W środę (18 czerwca) mieszkanka powiatu krośnieńskiego odebrała telefon, od mężczyzny podającego się za pełnomocnika adwokata poinformował ją o wypadku spowodowanym przez jej córkę. Miała ona potrącić matkę z dzieckiem, które teraz w ciężkim stanie przebywają w szpitalu. Kobieta w ramach odszkodowania miała zapłacić 200 tysięcy złotych. Ponieważ nie posiadała takich pieniędzy, mężczyzna zażądał od niej złota lub innych wartościowych rzeczy. Ostatecznie kobieta była w stanie przekazać 12,5 tysiąca złotych, które miał od niej odebrać pomocnik. Gdy przyszedł pod wskazany przez nią adres, kobieta przekazała mu w kopercie umówioną kwotę. Miała nikogo o tym fakcie nie informować, co też zrobiła. Po kilkudziesięciu minutach ponownie otrzymała od tego mężczyzny telefon i została poinformowana, że jest on na Policji, przeliczył pieniądze i sprawa jest załatwiona. W tle słyszała również kobiecy głos, podający się za jej córkę, który potwierdził słowa mężczyzny, a także poinformował ją, że zostanie wypuszczona. O tym, że mieszkanka powiatu została oszukana, zorientowała się dopiero wtedy, gdy porozmawiała z córką na temat tego zdarzenia.
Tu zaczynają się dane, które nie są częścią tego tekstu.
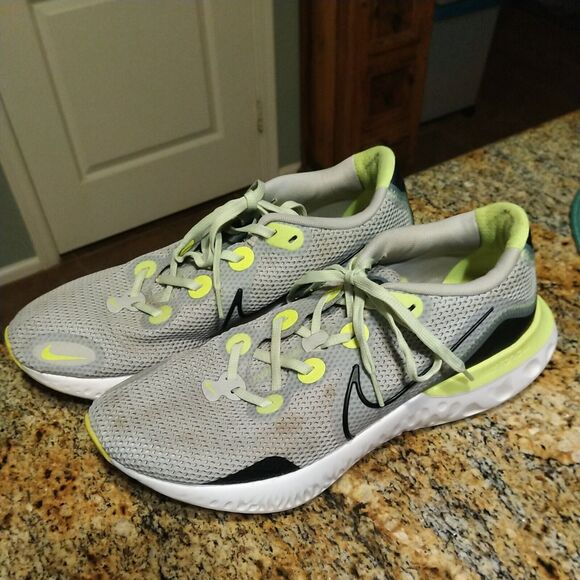 Nike Renew Run Gray/Black/Volt Running Shoes Men's Size 12, CK6357-006 - Picture 1 of 12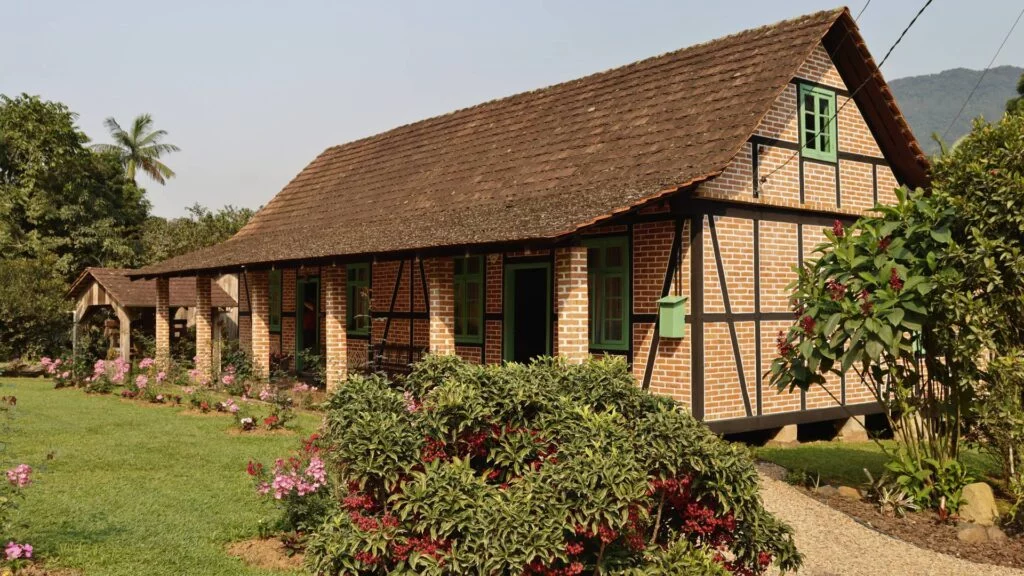 Casa Siewert em Pomerode: Viagem no Tempo e Cultura Enxaimel 3 casa siewert • Rota dos Viajantes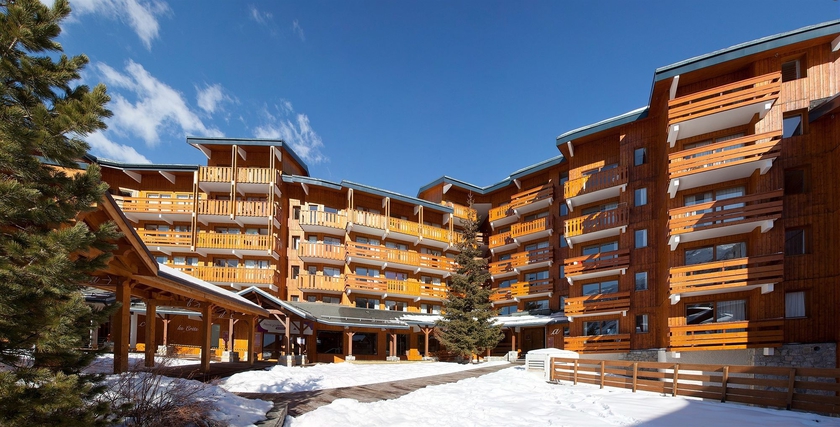Imagen general del Hotel Pierre and Vacances Résidence Premium Les Crêts. Foto 3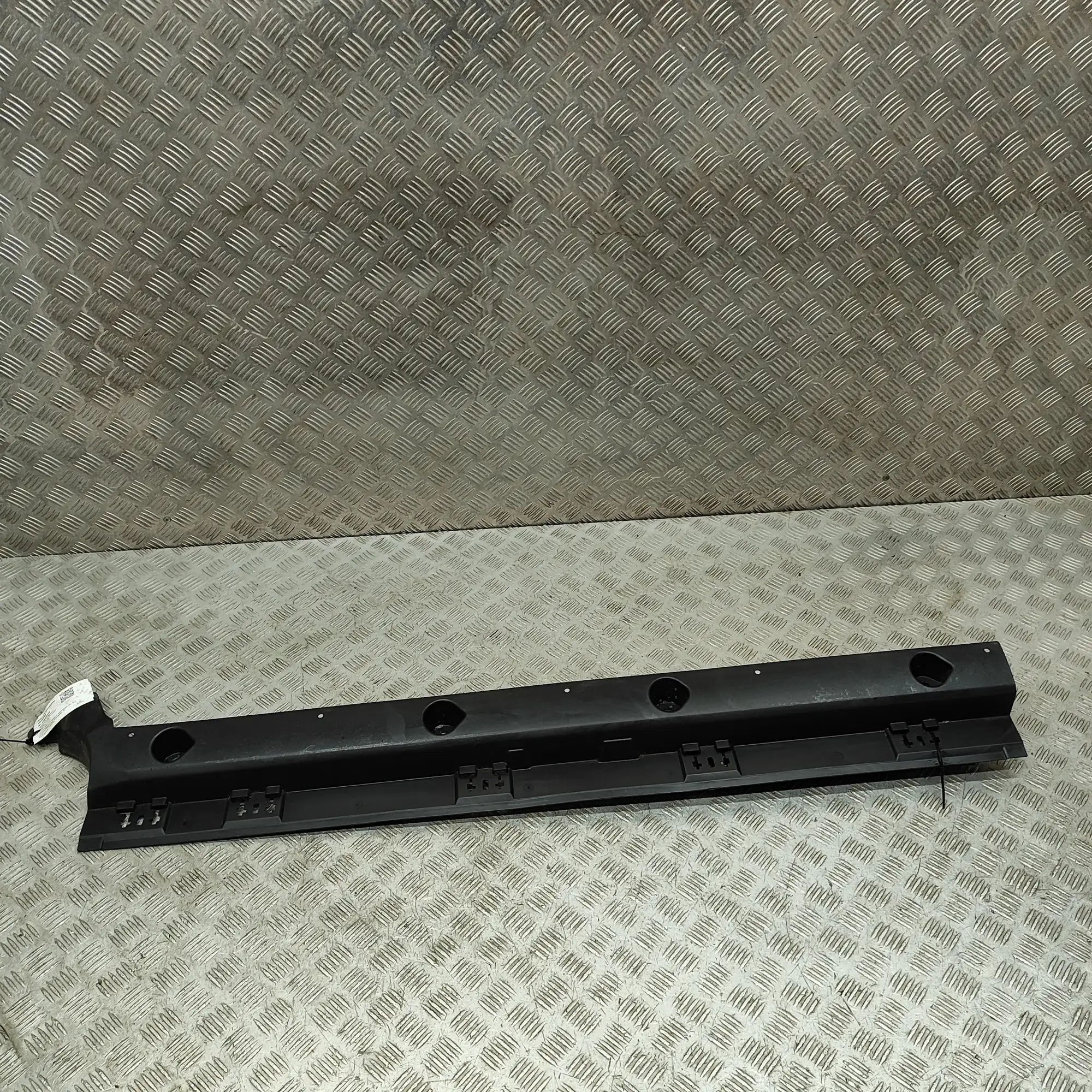 Peugeot 5008 Right Side Plastic Sideskirt Cover Right Side Plastic Sideskirt Cover — PEUGEOT 50...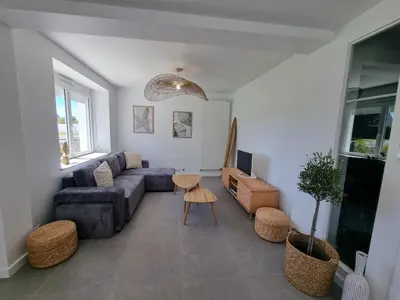 Coin salon dans l'établissement Maison familiale - 10pers - 3 étoiles - lumineuse et cosy - draps et serviettes inclus - parking - La Torche 9 min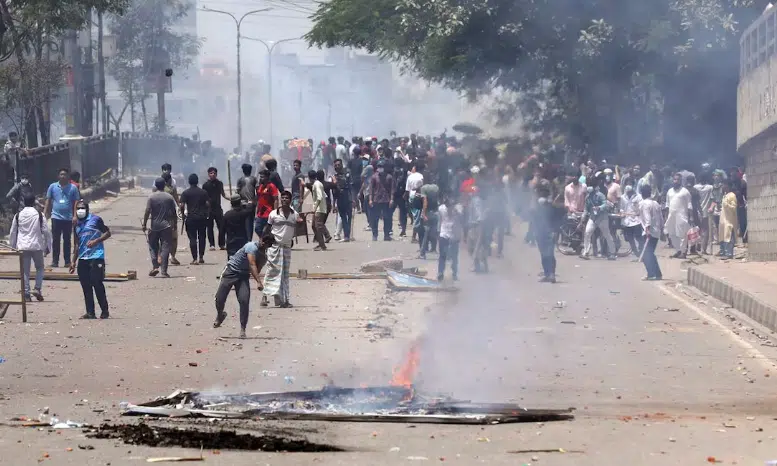 Protestas estudiantiles dejan 19 muertos en Bangladesh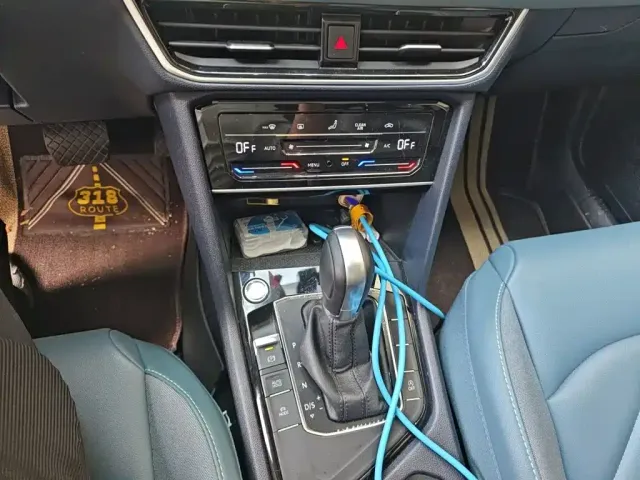 Volkswagen Tharu — Фото автомобиля 15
Powyższa sytuacja pokazuje, że oszuści nadal wykorzystują osoby starsze do swoich celów. Historie przedstawiane przez nich są bardzo różne. Jak może wyglądać ich sposób działania, przestawiamy poniżej:
- Ofiarami najczęściej padają osoby starsze, które posiadają jeszcze telefony stacjonarne;
- Nie ma reguły co do dzwoniącego, może to być zarówno kobieta, jak i mężczyzna podający się za członka rodziny, policjanta, adwokata, czy też przedstawiciela firmy, banku. Dlatego NIGDY nie działaj pod wpływem emocji, ZAWSZE zweryfikuj usłyszaną historię i zadzwoń bezpośrednio do swojego krewnego, aby to sprawdzić;
- Usłyszmy różnego rodzaju historie. ZAWSZE jednak rozwiązaniem przedstawionego problemu są pieniądze, które musimy przekazać bardzo szybko. NIE DAJ SIĘ NABRAĆ. Jeśli rozmówca podaje się za policjanta, wiedz, że Policja NIGDY nie żąda przekazania pieniędzy, nie proponuje zabezpieczenia oszczędności oraz nie angażuje obywateli w prowadzone sprawy;
- Będziemy zapewniani o uczciwości rozmówcy, będzie on także próbował wyciągać od nas różnego rodzaju informacje tylko po to, by je później wykorzystać podczas rozmowy do uwiarygodnienia swojej historii. Dlatego, jeśli nie wiemy z kim mamy do czynienia, nie podajemy żadnych danych. Każda nasza wątpliwość, to sygnał, że możemy być potencjalną ofiarą;
- Możemy od razu usłyszeć zapytanie ile mamy pieniędzy w domu, czy też na koncie bankowym, ale nie jest to regułą i kwota może zostać określona od razu. Dlatego NIGDY nie przyznajemy się do sumy, jaką posiadamy;
- Dla oszusta ważne jest to, abyśmy byli sami w domu, dlatego NIGDY nie należy informować rozmówcy o tym fakcie. Jeśli już będzie wiedział, że ktoś jest z nami, wówczas zrobi wszystko by „pozbyć się” tej osoby z naszego domu. Robi to z myślą o własnym bezpieczeństwie;
- Zostaniemy poinformowani, że w imieniu członka rodziny, za którego się podaje, przyjdzie osoba, której mamy przekazać ustaloną sumę pieniędzy. To kolejny sygnał o oszustwie; dlatego NIGDY nie wpuszczamy obcych do domu i NIE PRZEKAZUJEMY im pieniędzy.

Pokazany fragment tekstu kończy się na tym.